* Exercise inputs *
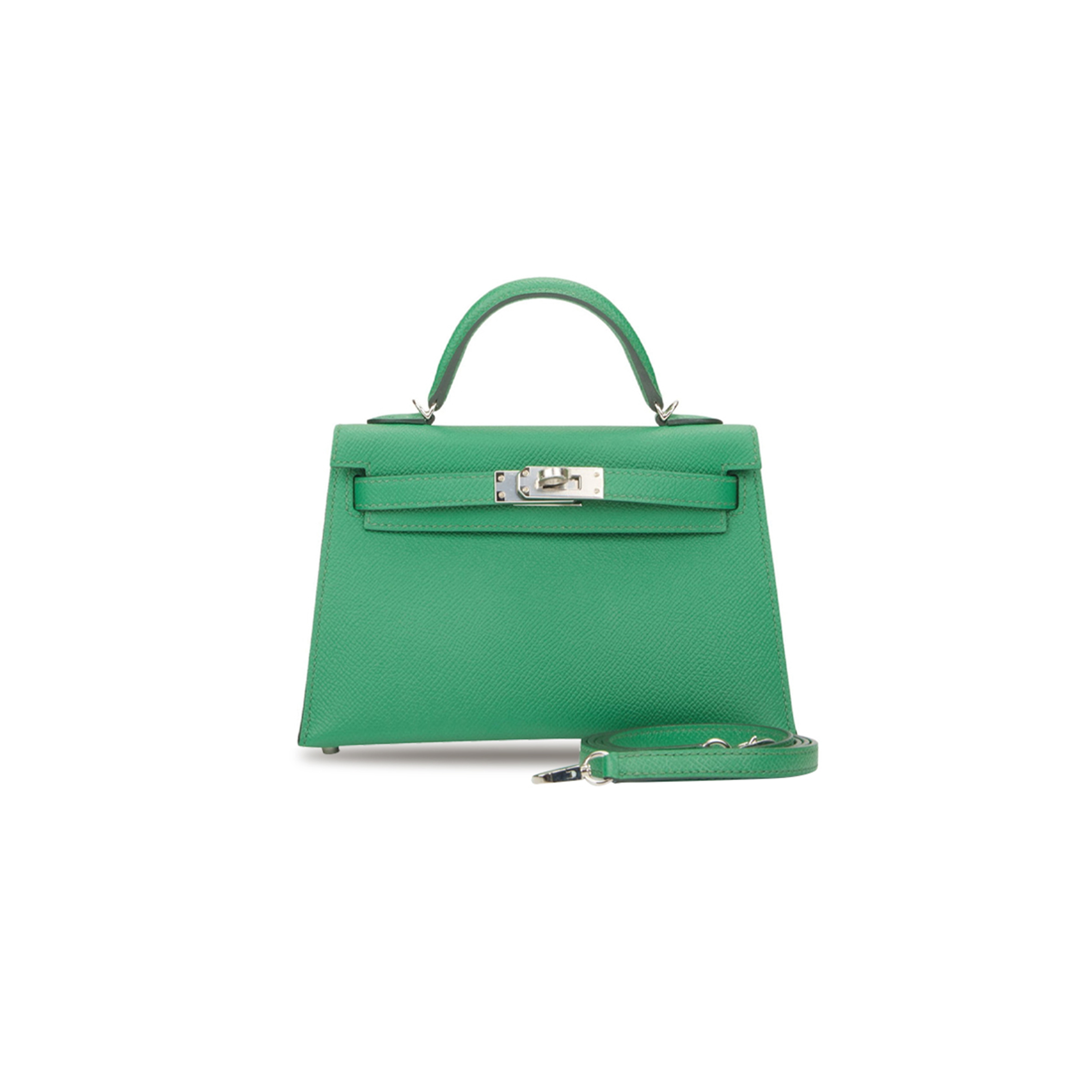 HERMÈS MASTER MINI KELLY II EPSOM COMIC GREEN SILVER BUCKLE (19*12*5.5cm) 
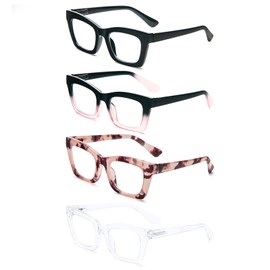 prtcslwd 4 Pack Reading Glasses for Women Oprah Style Oversized Square Spring Hinge Blue Light Blocking Glasses (Black/Pink Tortoise/Transparent/Blackpink, 1.50, multiplier_x)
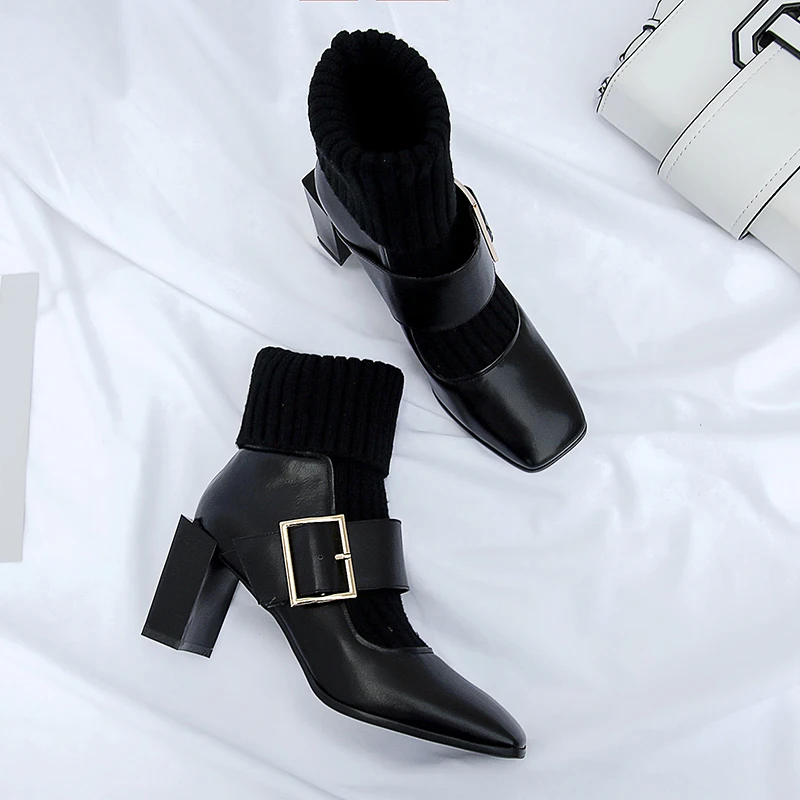 Boots Women Genuine Leather Mid-calf Boots Fashion High Heels Autumn Winter Party Prom Shoes Woman Office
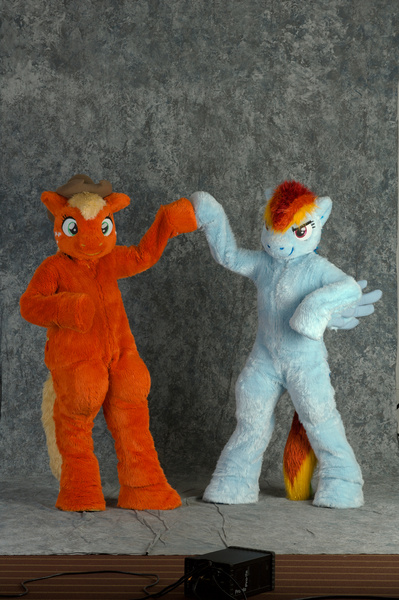 Size: 2860x4296 | Tagged: safe, artist:spainfischer, derpibooru import, applejack, rainbow dash, anthro, earth pony, human, pegasus, pony, 2011, convention, cowboy hat, duo, fursuit, g4, hat, hoofbump, image, irl, irl human, jpeg, photo, ponysuit, pose, raised hoof, simple background, smiling, smirk, spread wings, tail, wings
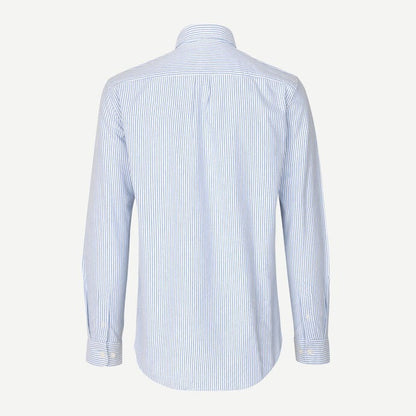 Liam Long Sleeve Cotton Shirt - Blue Stripe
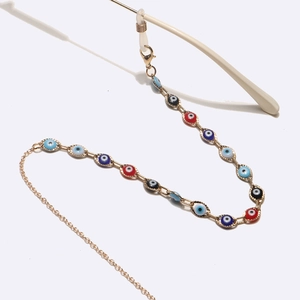 Bohemian gold chain with colorful evil eye enamel charms for glasses or face masks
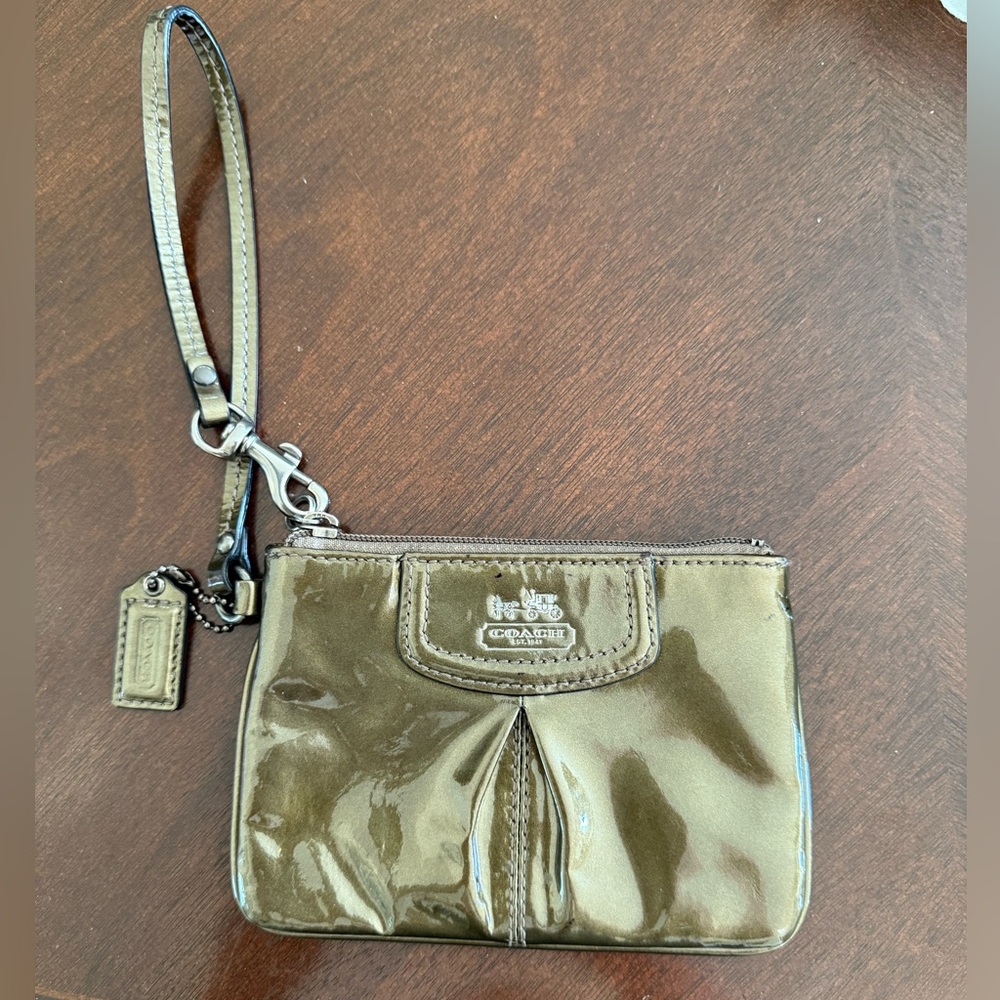 Authentic Coach Metallic Patent Wristlet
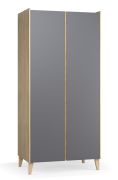 Armoire / 2 portes / Couleur : Graphite / Armoire à portes battantes / 5 compartiments / 2 tringles à vêtements / Dimensions : 94,5 x 60 x 204 cm / Soft-Close / Éclairage LED inclus
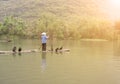 A Chinese fishermen and cormorants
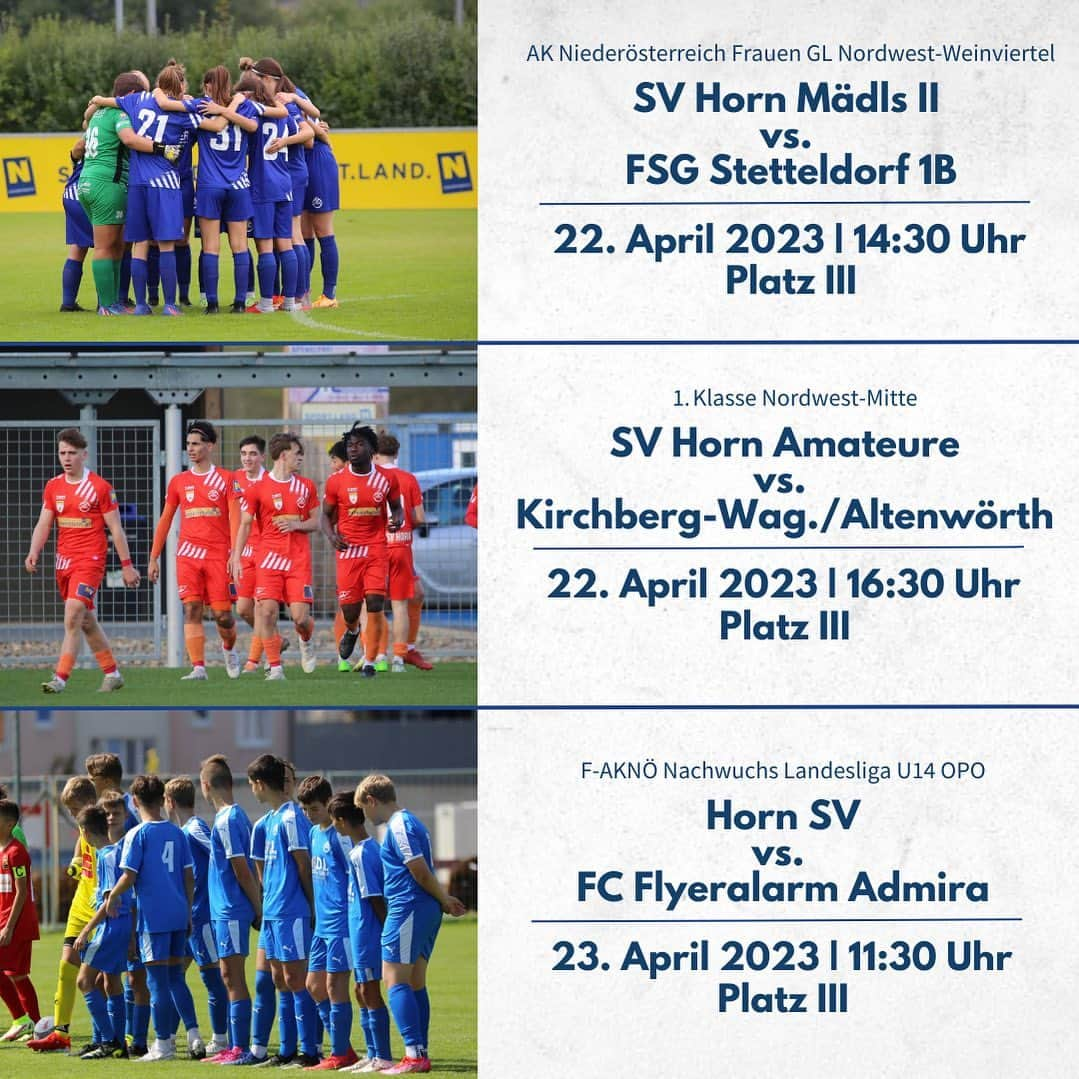 SVホルンのインスタグラム：「Die Heimspiele unserer Mannschaften 🔛💪🏼   Das Wetter könnte nicht besser sein, kommt am Platz und feuert unsere Teams an.✊🏼  #heimspiele #svhornfamilie #aufgehts #perfektesvideo #atraum #weekendvibes #anfeuern #soccergirls #motivation #9punkte #bepartofit」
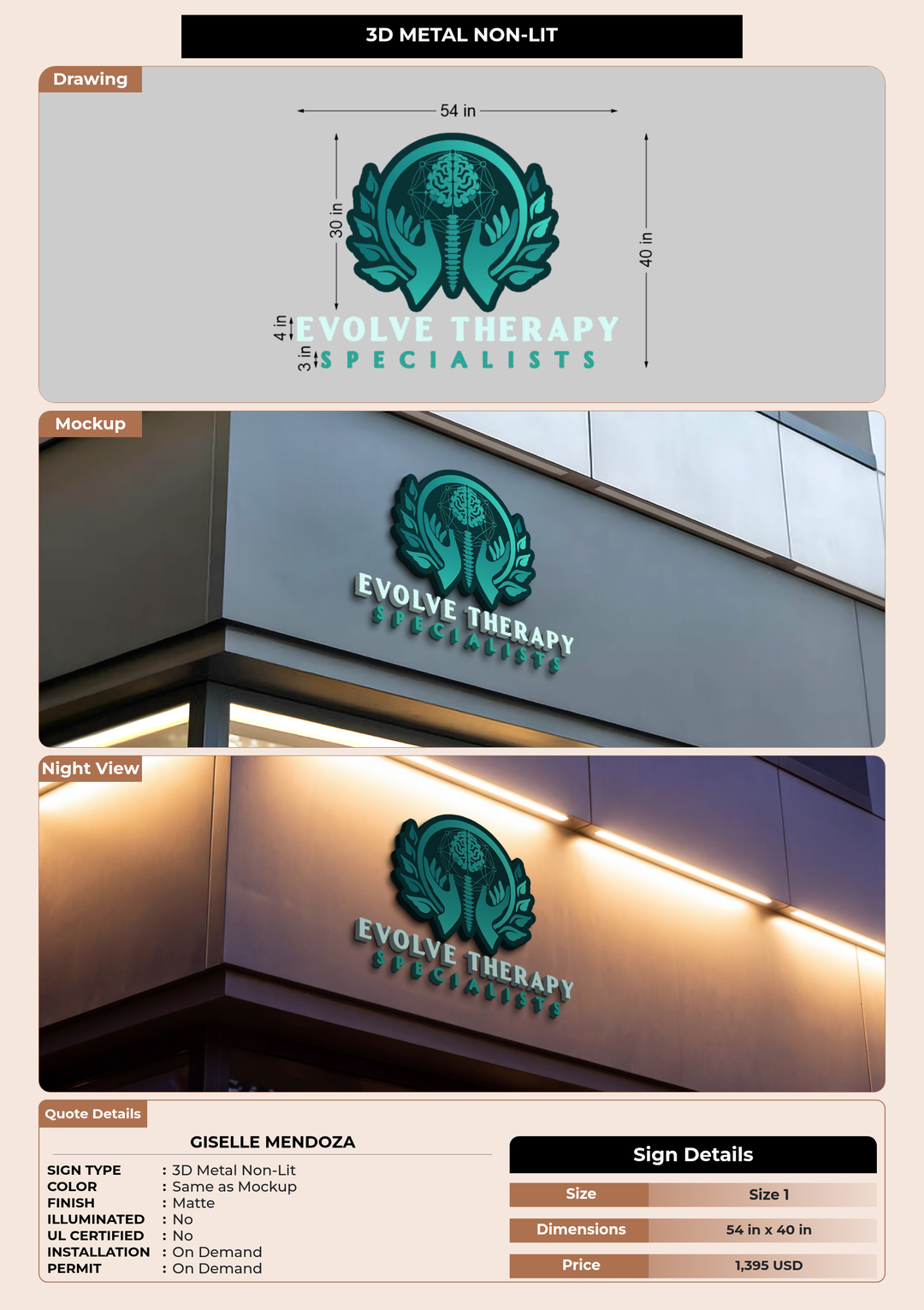 CUSTOM MOCKUP SIGN FOR Giselle Mendoza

* Your goal *
Since pictures are not part of the copy, set down only the remaining data exactly.

* Answer to this exercise *
 HERMÈS MASTER MINI KELLY II EPSOM COMIC GREEN SILVER BUCKLE (19*12*5.5cm) 
 prtcslwd 4 Pack Reading Glasses for Women Oprah Style Oversized Square Spring Hinge Blue Light Blocking Glasses (Black/Pink Tortoise/Transparent/Blackpink, 1.50, multiplier_x)
 Boots Women Genuine Leather Mid-calf Boots Fashion High Heels Autumn Winter Party Prom Shoes Woman Office
 Size: 2860x4296 | Tagged: safe, artist:spainfischer, derpibooru import, applejack, rainbow dash, anthro, earth pony, human, pegasus, pony, 2011, convention, cowboy hat, duo, fursuit, g4, hat, hoofbump, image, irl, irl human, jpeg, photo, ponysuit, pose, raised hoof, simple background, smiling, smirk, spread wings, tail, wings
 Liam Long Sleeve Cotton Shirt - Blue Stripe
 Bohemian gold chain with colorful evil eye enamel charms for glasses or face masks
 Authentic Coach Metallic Patent Wristlet
 Armoire / 2 portes / Couleur : Graphite / Armoire à portes battantes / 5 compartiments / 2 tringles à vêtements / Dimensions : 94,5 x 60 x 204 cm / Soft-Close / Éclairage LED inclus
 A Chinese fishermen and cormorants
 SVホルンのインスタグラム：「Die Heimspiele unserer Mannschaften 🔛💪🏼   Das Wetter könnte nicht besser sein, kommt am Platz und feuert unsere Teams an.✊🏼  #heimspiele #svhornfamilie #aufgehts #perfektesvideo #atraum #weekendvibes #anfeuern #soccergirls #motivation #9punkte #bepartofit」
 CUSTOM MOCKUP SIGN FOR Giselle Mendoza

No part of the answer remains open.